WORK INSTRUCTIONS:
Give back the exact lines of the material below from the one containing "Пассакалия | Гендель/" through the one containing "25 Hostel Rio de Janeiro", and no pictures.

DATA IN THIS EXERCISE:

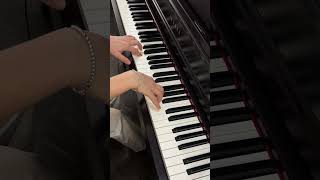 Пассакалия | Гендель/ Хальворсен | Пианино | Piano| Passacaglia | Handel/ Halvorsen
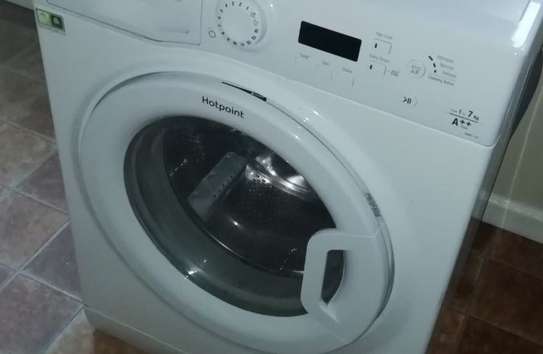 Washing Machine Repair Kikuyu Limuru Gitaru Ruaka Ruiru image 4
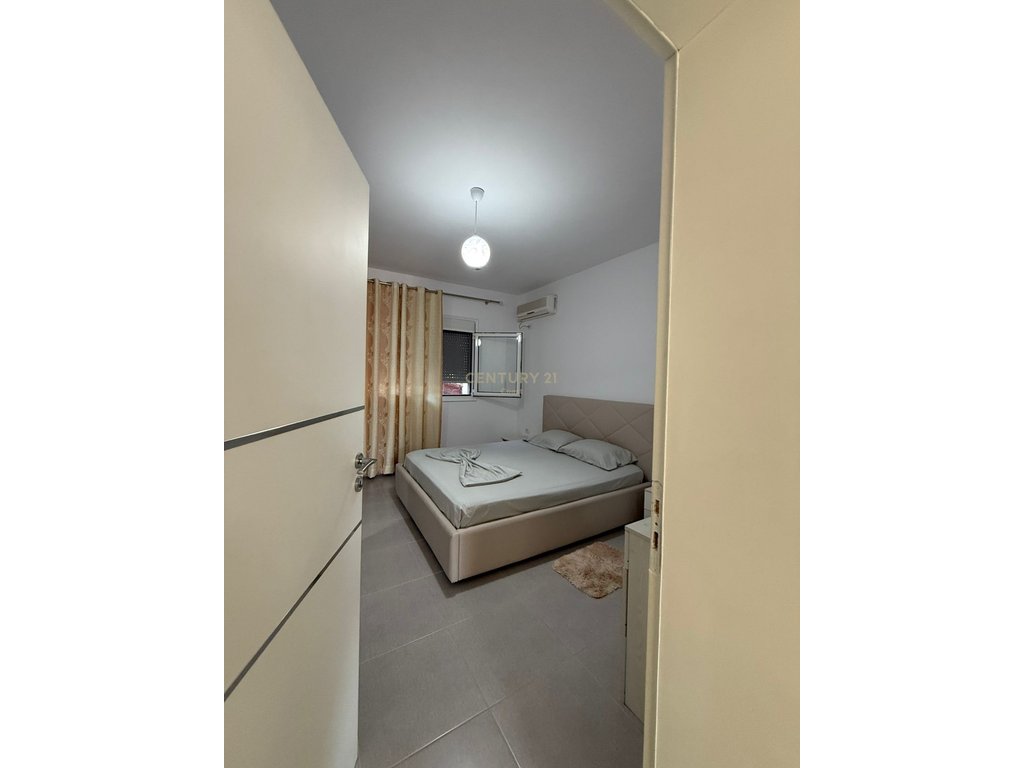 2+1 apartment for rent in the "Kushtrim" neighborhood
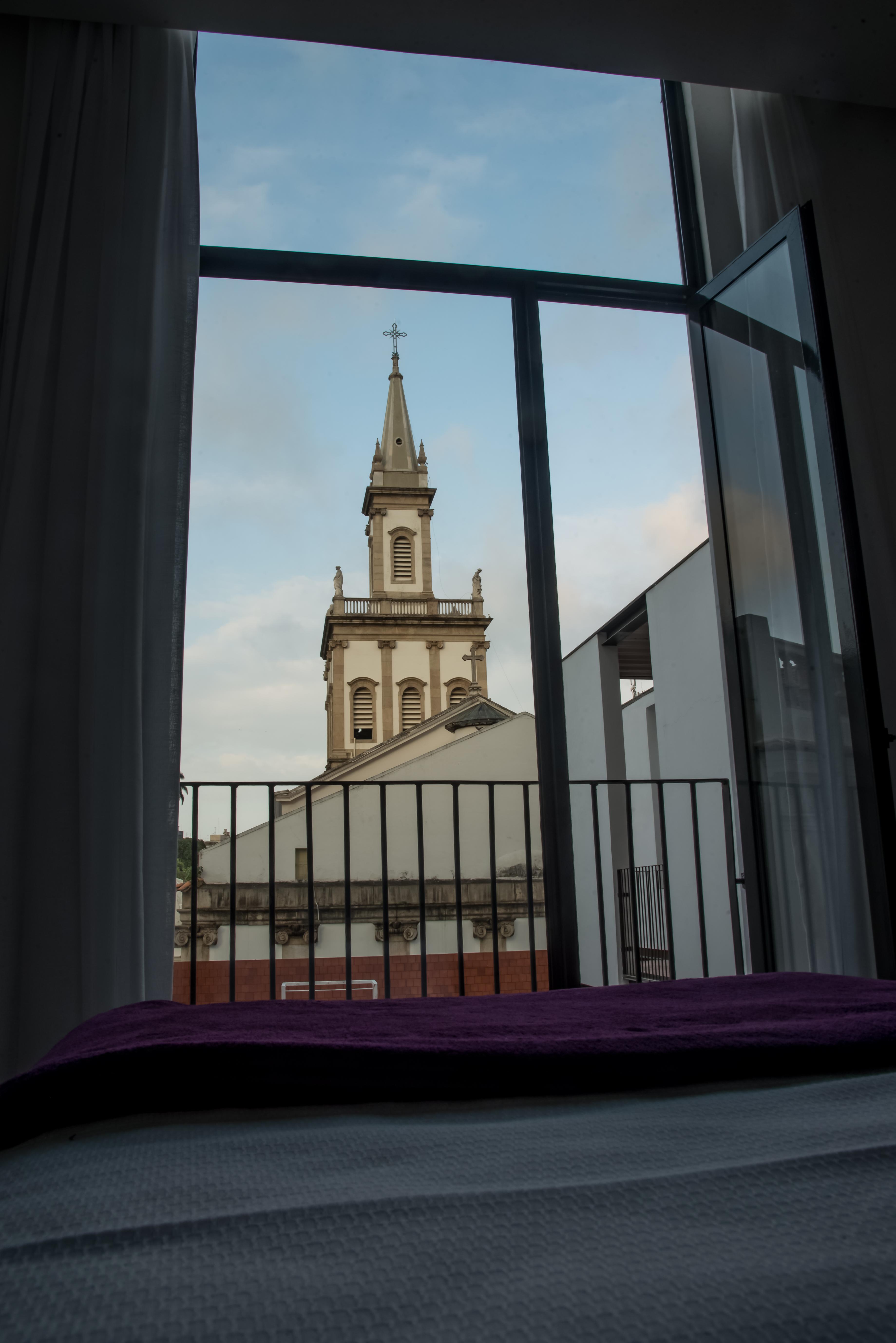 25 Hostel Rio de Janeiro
...
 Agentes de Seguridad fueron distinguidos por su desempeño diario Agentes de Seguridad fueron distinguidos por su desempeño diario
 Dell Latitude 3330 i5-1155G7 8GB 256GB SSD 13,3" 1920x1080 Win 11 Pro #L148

OUTPUT BELOW:
 Пассакалия | Гендель/ Хальворсен | Пианино | Piano| Passacaglia | Handel/ Halvorsen
 Washing Machine Repair Kikuyu Limuru Gitaru Ruaka Ruiru image 4
 2+1 apartment for rent in the "Kushtrim" neighborhood
 25 Hostel Rio de Janeiro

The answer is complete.